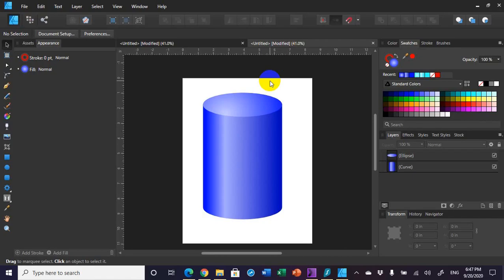Today we're going to try creating a cylinder in Affinity Designer. I'm trying something new with my microphone, holding it as close as I can to my mouth, so sorry if you're getting some mouth noise. But anyway, this is how you do it.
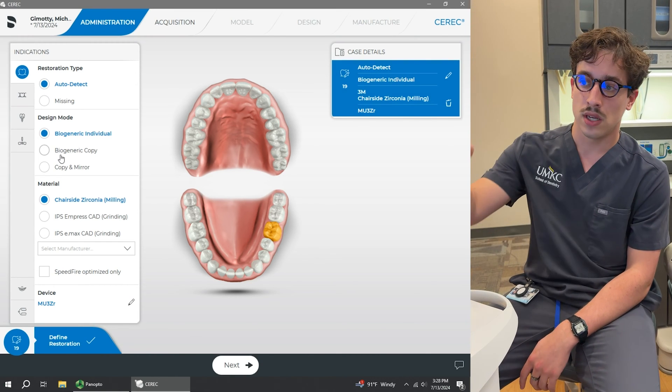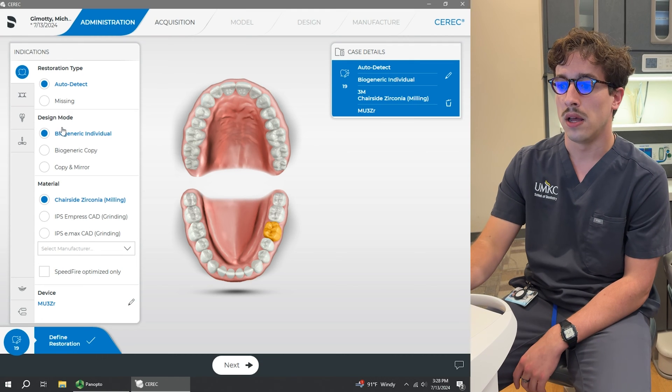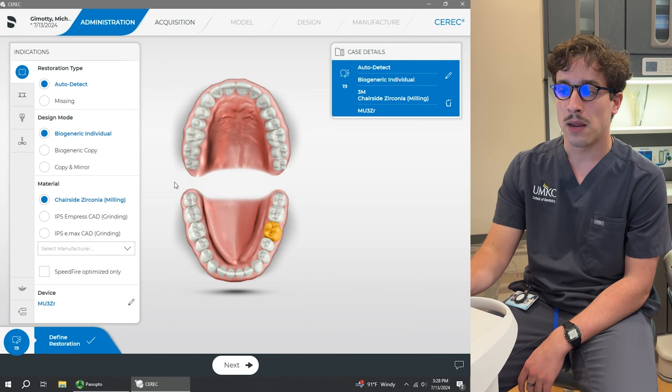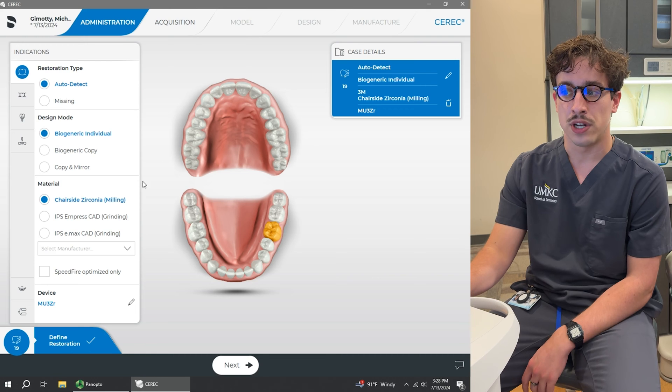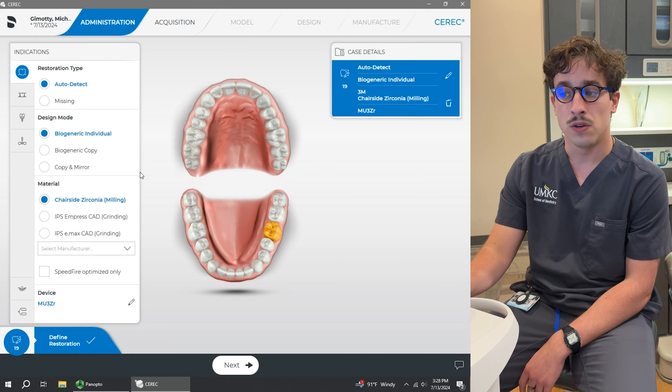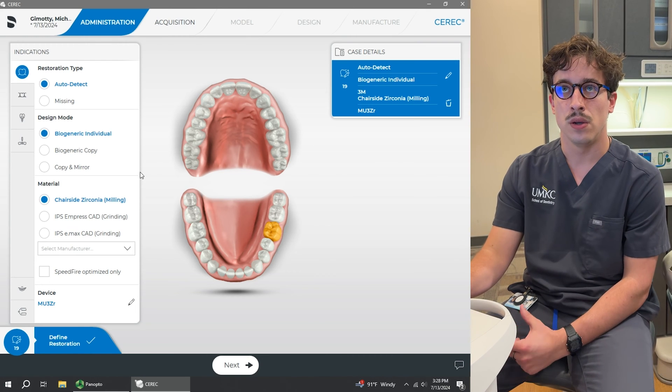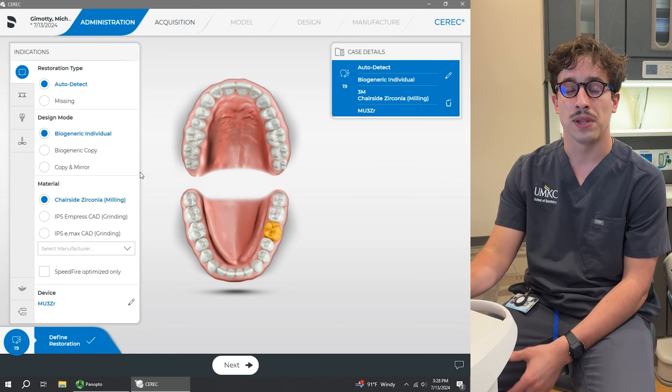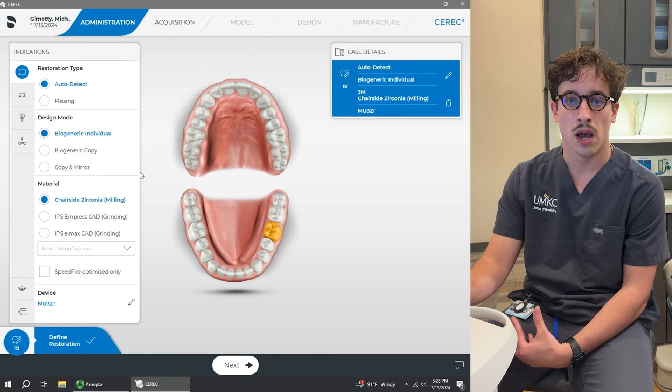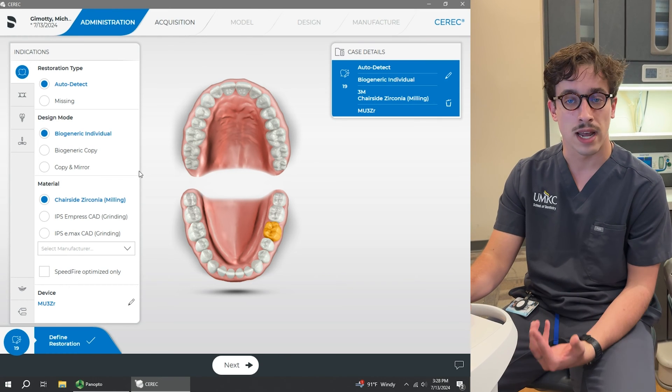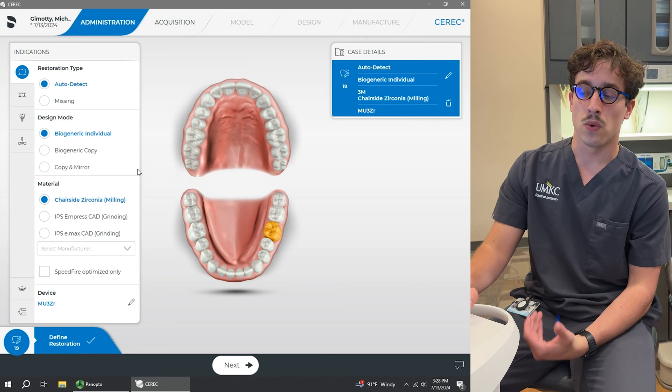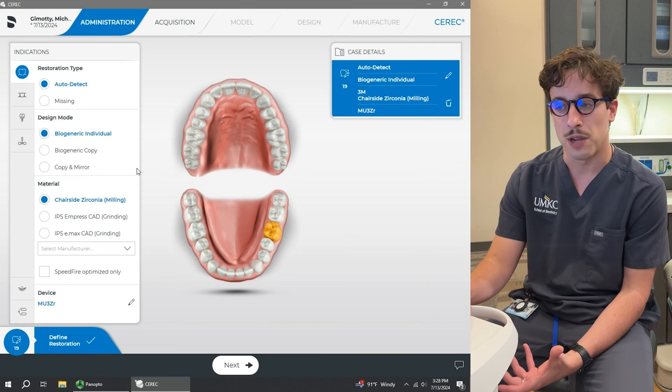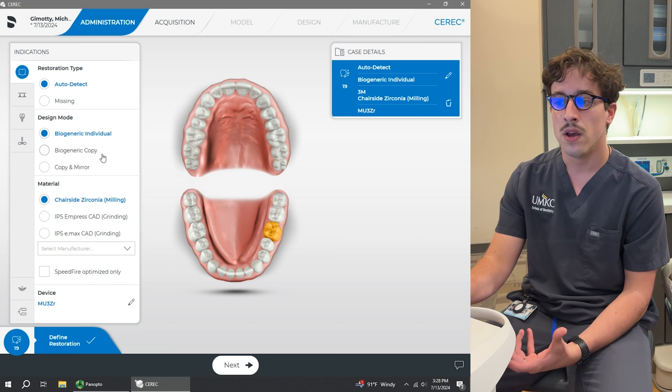So on the left side, you can see that we have a lot of design modes. What we're going to be doing 99.9% of the time is biogeneric individual. We can do biogeneric copy if we wanted to, let's just say replicate exactly what the tooth was before we scanned it. That gives us that ability. But most of the time for what we're seeing is that we're not copying the exact shape of the tooth and the exact anatomy.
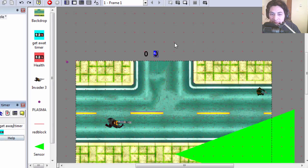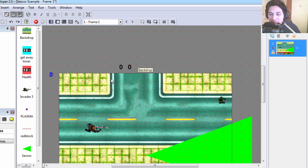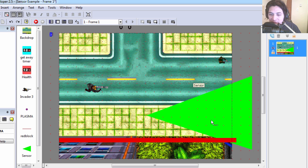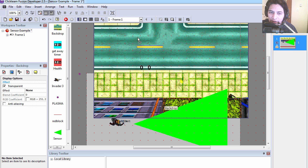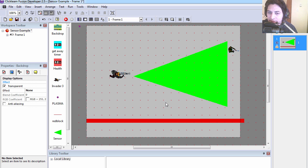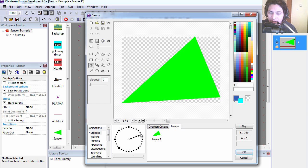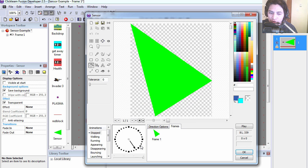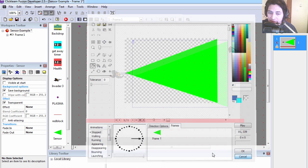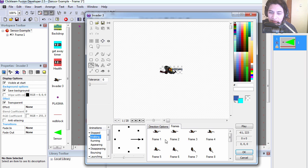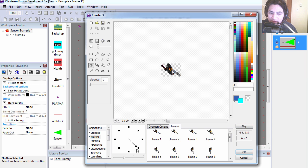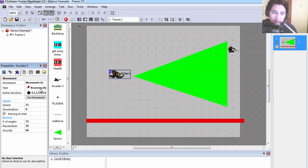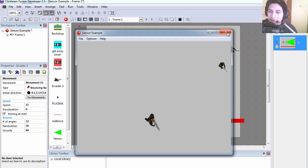Let's fix that, getaway timer. All right, and here is our plasma pellet. Okay, so let's get started. I'm going to move the background out of the way so we can see what we're doing. I'm going to double-click on the sensor, which is just a static object, and you can see that this has 32 directions. I'm going to double-click on the invader, and this object here is a bouncing ball.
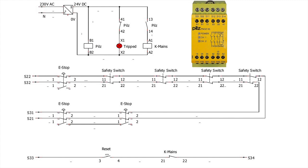There are also different connection options for e-stops and push buttons and safety gate switches and reset. There is a single channel operation, which is the most basic setup. But the PNOZ X3 will allow dual channel operation.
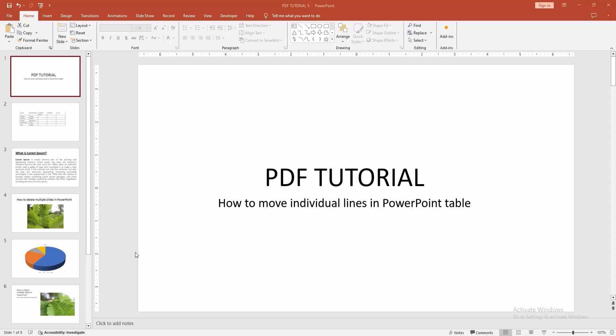At first you have to open a PowerPoint presentation. Then you want to move individual line of table. At first go to the table slide.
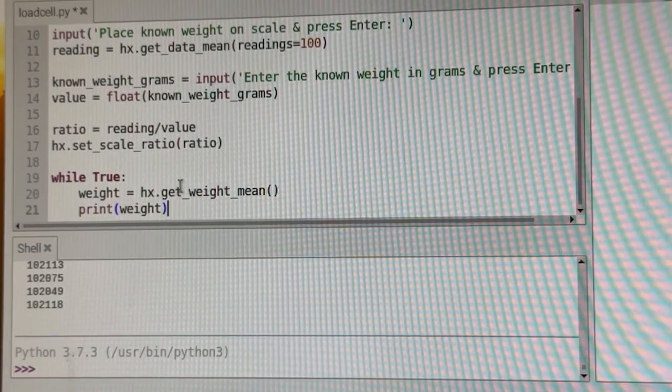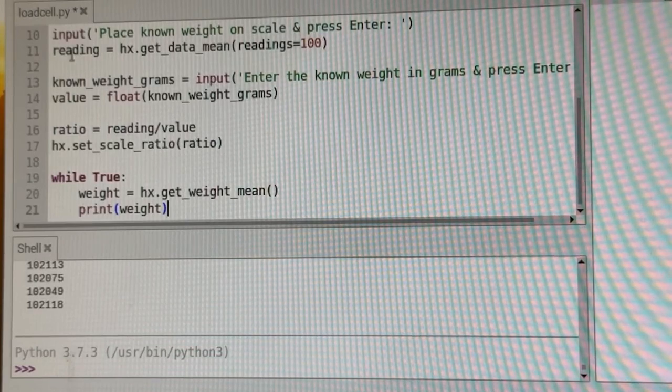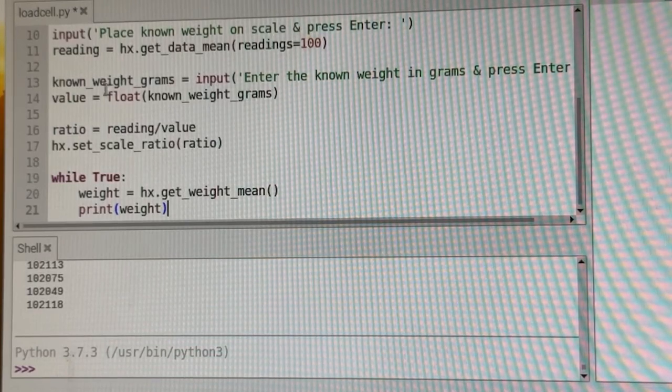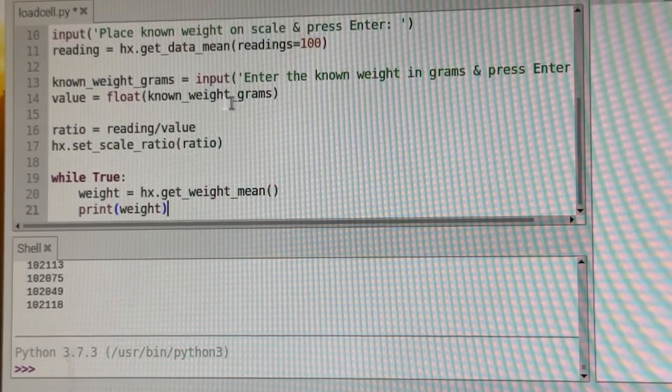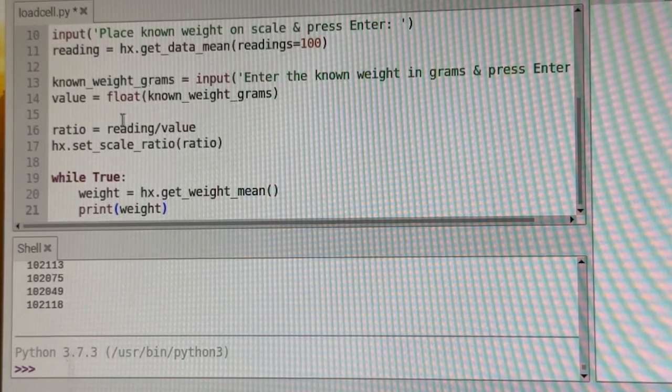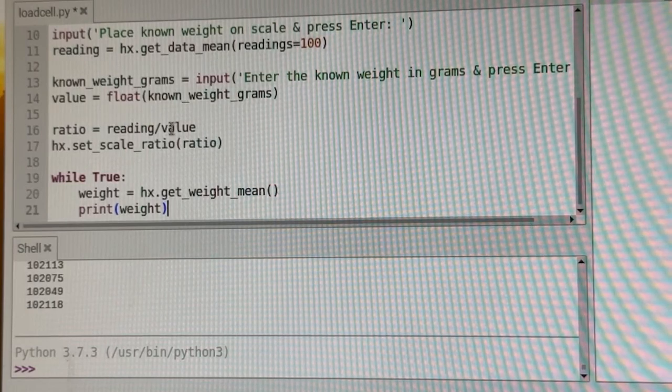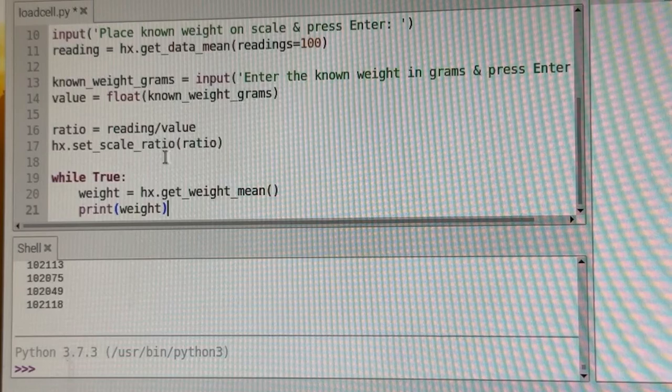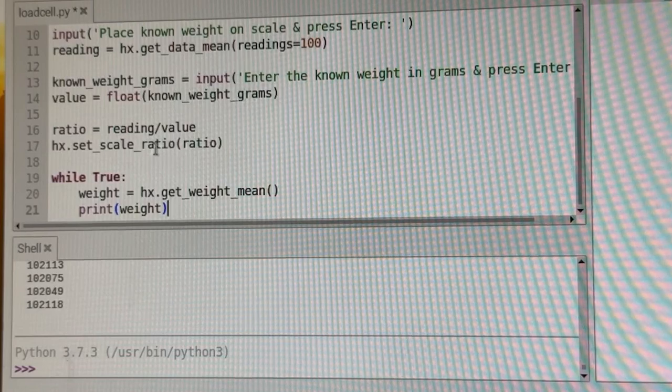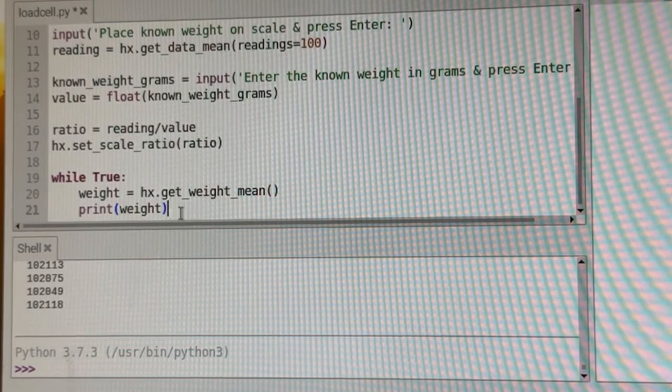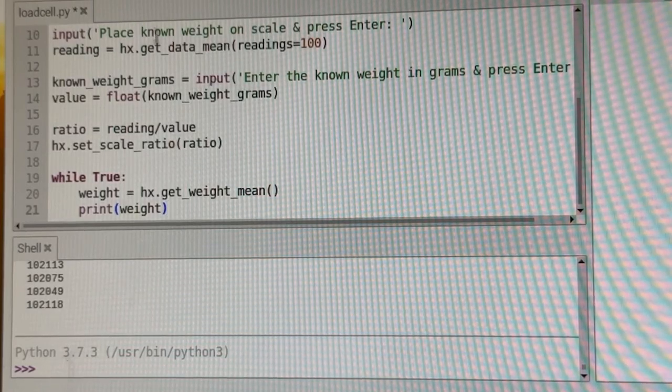Okay. So just going back through this, we take some readings with a known weight. We enter what the known weight is. We calculate a ratio and we set the scale using that ratio. And then we're just going to read after that. So let's go ahead and run this.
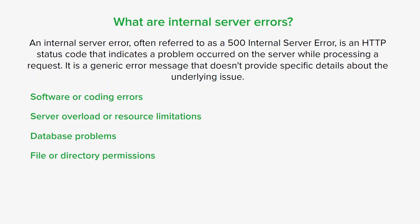Improper file or directory permissions can be another culprit behind internal server errors. If the server doesn't have the necessary permissions to access certain files or directories, it won't be able to fulfill requests that require accessing those resources, leading to internal server errors.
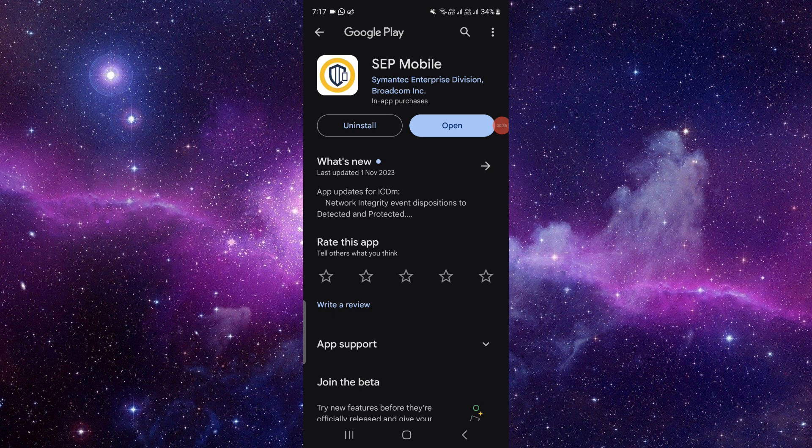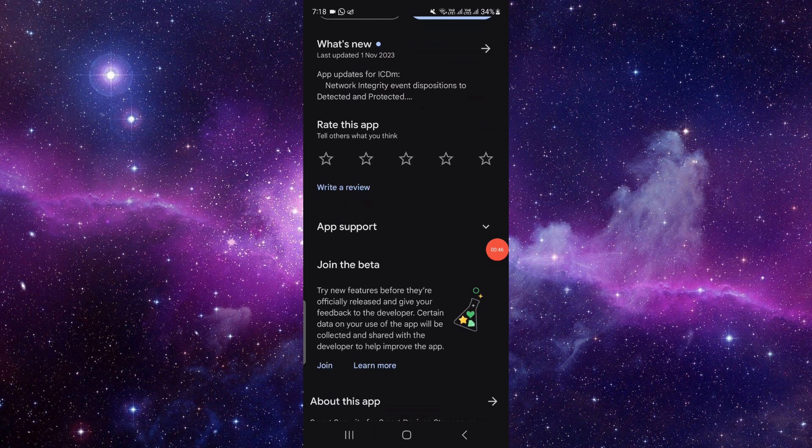If it doesn't show any update option, then you can't update. That means your app is already updated. If you want to give a rating, you can also give it from here. So by this way, we can update it.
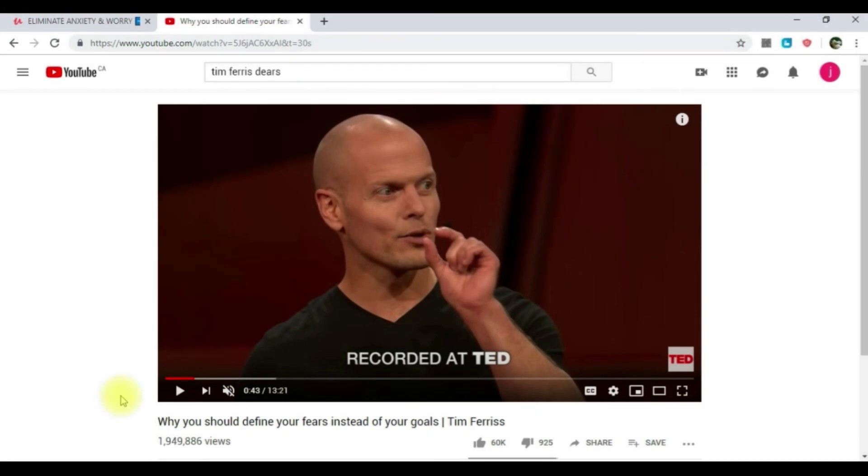Welcome to this video. Before we begin, please go ahead and watch Tim Ferriss's TED talk on YouTube about defining the fears, because a lot of the content will be from that video and it will be good for you to know the content.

What to work on
From the line that contains "Improper file or" to the last line of the records above, copy each line exactly, both ends included, and leave the pictures out.

Response to this task
Improper file or directory permissions can be another culprit behind internal server errors. If the server doesn't have the necessary permissions to access certain files or directories, it won't be able to fulfill requests that require accessing those resources, leading to internal server errors.
If it doesn't show any update option, then you can't update. That means your app is already updated. If you want to give a rating, you can also give it from here. So by this way, we can update it.
Welcome to this video. Before we begin, please go ahead and watch Tim Ferriss's TED talk on YouTube about defining the fears, because a lot of the content will be from that video and it will be good for you to know the content.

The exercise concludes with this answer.